The Special Warfare Diving and Salvage () or SWADS is an elite special operational unit of the Bangladesh Navy. Members are professional soldiers and are recruited through the Bangladesh Navy. The SWADS is organized, trained and equipped along the lines of SEAL/UDT teams of the United States Navy SEALs and the Republic of Korea Navy UDT/SEAL.

As of 2014, SWADS is believed to number a few hundred strong, and is based in the southern port city of Chittagong. Its base is formally known as "BNS Nirvik".

History

Although Bangladeshi Navy personnel were trained on American soil since the 1970s, United States Navy instructors were instrumental in creating SWADS in late 2008. SWADS was formally created in 2009 with 150 commandos and 200 divers recruited. US Ambassador to Bangladesh Dan Mozena provided assistance in the creation of the unit.

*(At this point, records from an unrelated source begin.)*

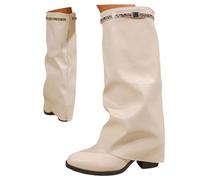 Bottes au-dessus du genou pour femme - Bottes requin noires avec talon - Bottes de transition - Pliables - Bottes tendance et confortables - Bottes hautes pour femme - Chaussures médiévales rétro - 36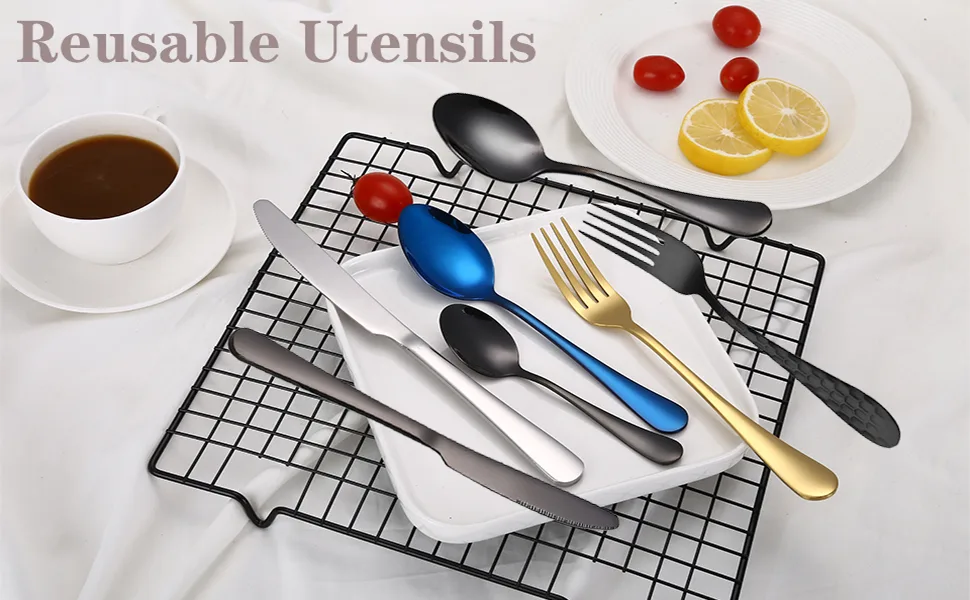 Portable Flatware Set ,Reusable Utensils with Case 3 Piece Stainless Steel (Knife, Fork, Spoon)Reusable Utensils,Travel Silverware Set,Camping utensils,Camping kit for Lunch Box (1010 Black) - product information 6
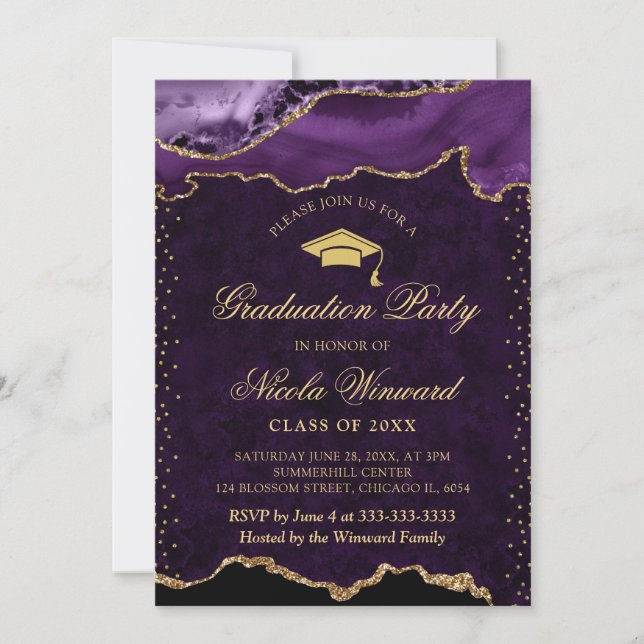Invitación Elegante Graduación del Agate de Mármol Púrpura y  (Anverso)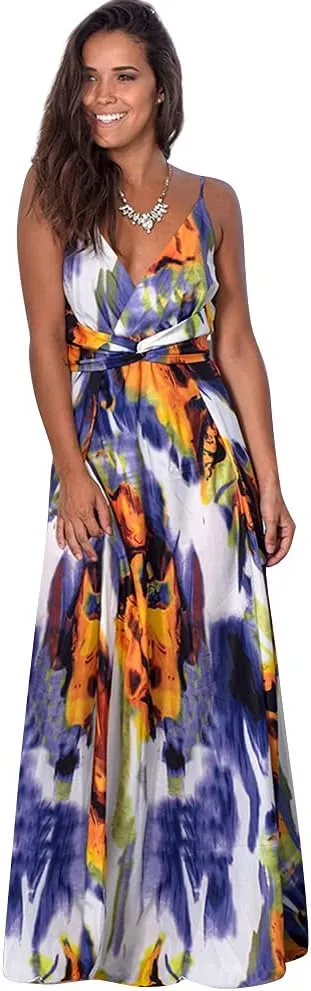 Women Transformer Convertible Multi Way Wrap V-Neck Wedding Bridesmaid Dress Halter Ombre Floral Long Evening Prom Maxi Dress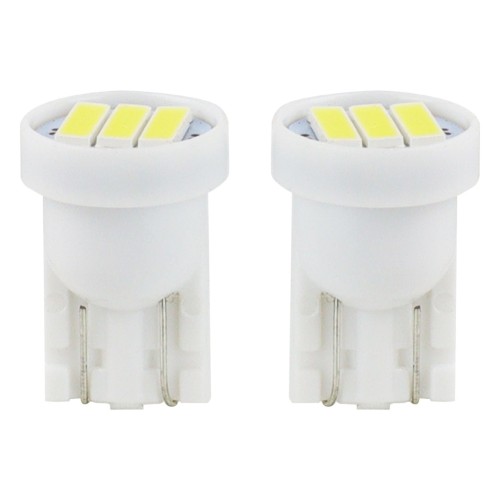 Amio - Λαμπάκια LED 3SMD 7020 τύπου T10 βάση W5W W2.1x9.5d τάση λειτουργίας 12V απόδοσης 0.4W χρώμα λευκό για Επιβατικά Αυτοκίνητα - 2 τεμ. (01096/AM)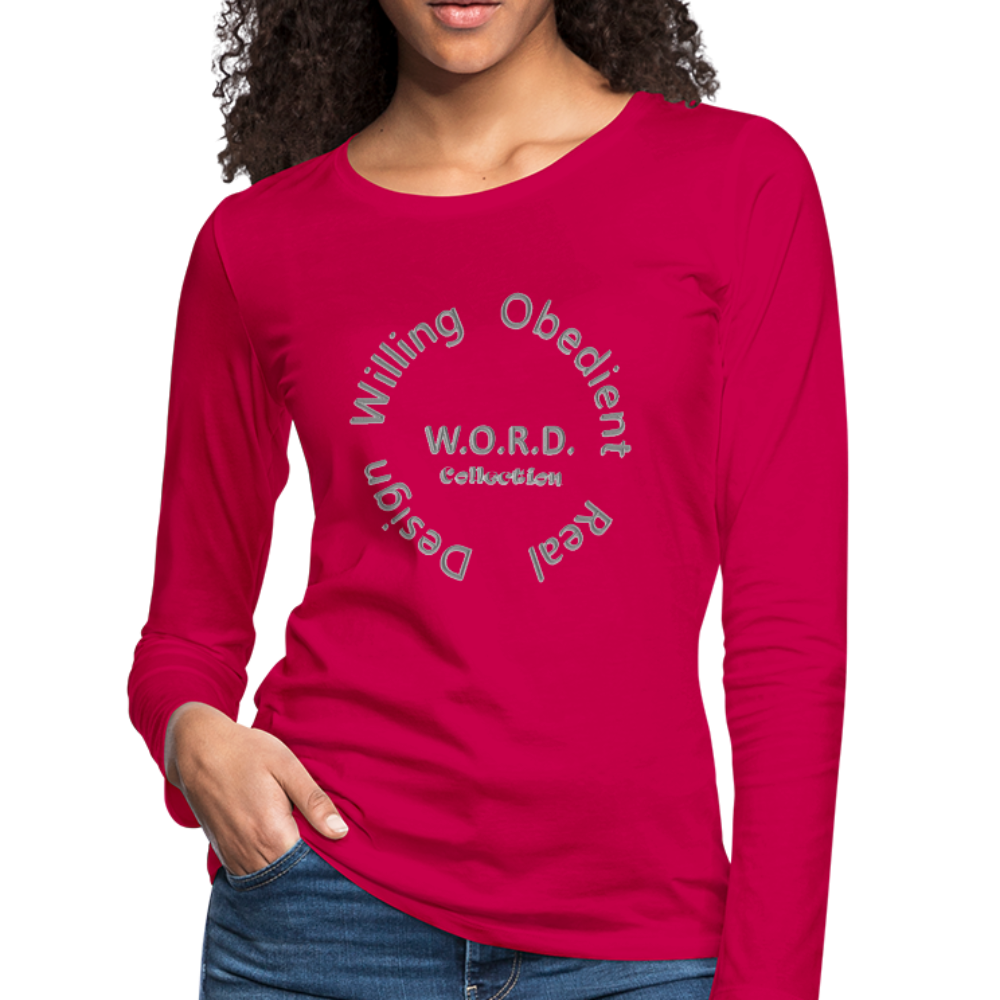 W.O.R.D. Women's Premium Slim Fit Long Sleeve T-Shirt - dark pink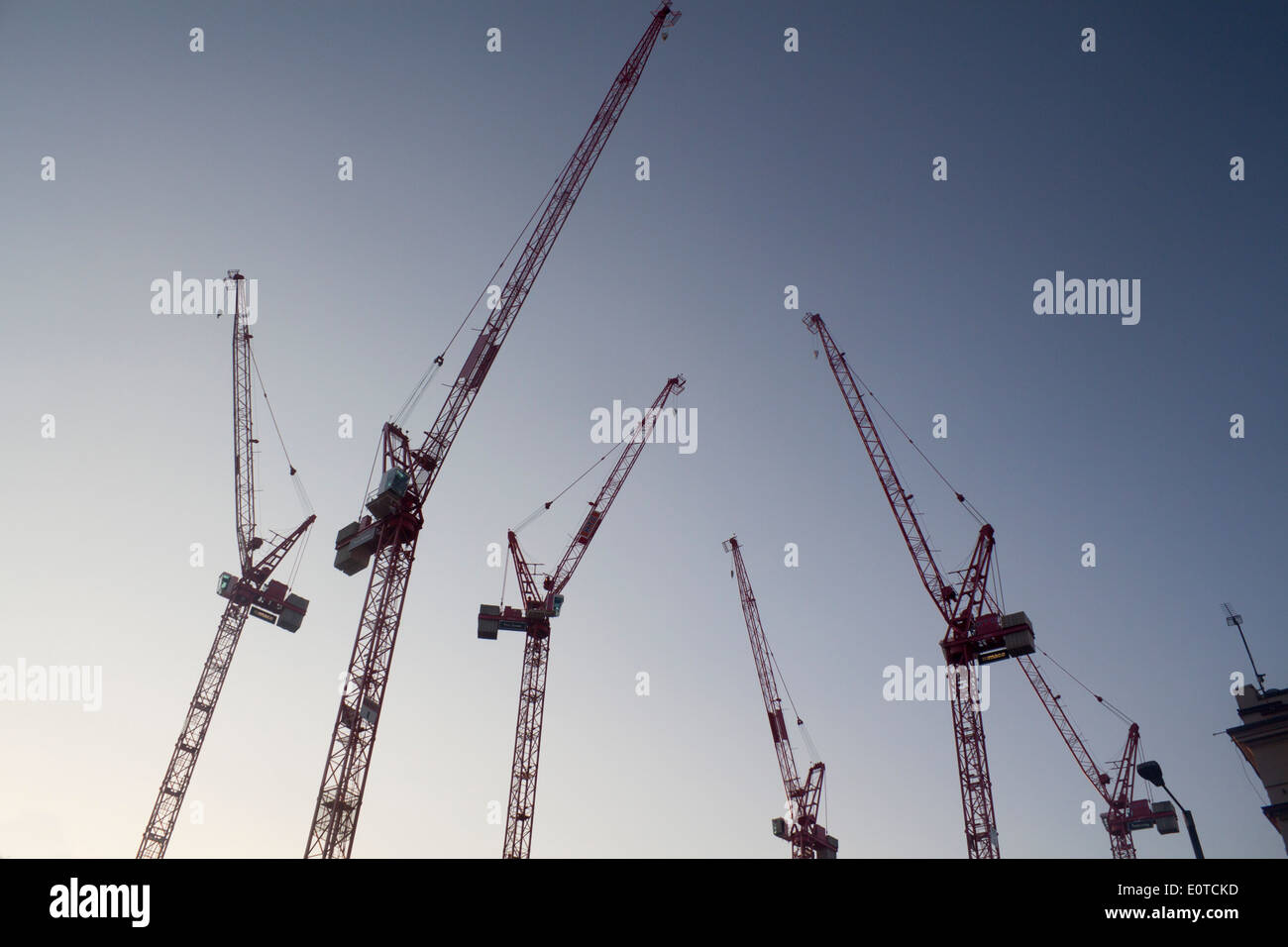 Gru in cantiere cantiere central London Inghilterra England Regno Unito Foto Stock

The unit's lineage is traced back to the Nou Commando frogmen of Sector 10 during the country's Liberation War against Pakistan. SWADS operators have participated alongside American Navy SEALs in Joint Combined Training Exchange programs under the Tiger Shark exercises.

Selection

SWADS operatives are volunteers from the Navy and are trained in Bangladesh and abroad. They do the Naval Commando Basic Course (similar to BUD/S of US Navy SEALs) from SWADS Training area at Rangamati and complete their airborne qualification course from army's School of Infantry and Tactics, Sylhet. Further specialist courses are held in various naval and army training bases in Bangladesh as well as in abroad. The average drop rate of NCB is 95%, and this is only the first step of becoming a SWADS operator. SWADS operators receive training from Republic of Korea Navy UDT/SEALs, UK's SAS & SBS, US Marine Force Recon, US Navy SEALS and Turkish SAT.

Duties

SWADS commandos are currently deployed in South Sudan as Bangladesh Force Marine Unit, part of UNMISS. They were the first SF unit to respond during Holey Artisan Bakery attack in Dhaka and later assisted the Army's 1 Para-Commando Battalion in Operation Thunderbolt, by securing the lake side and cutting of the possible escape route of the terrorists.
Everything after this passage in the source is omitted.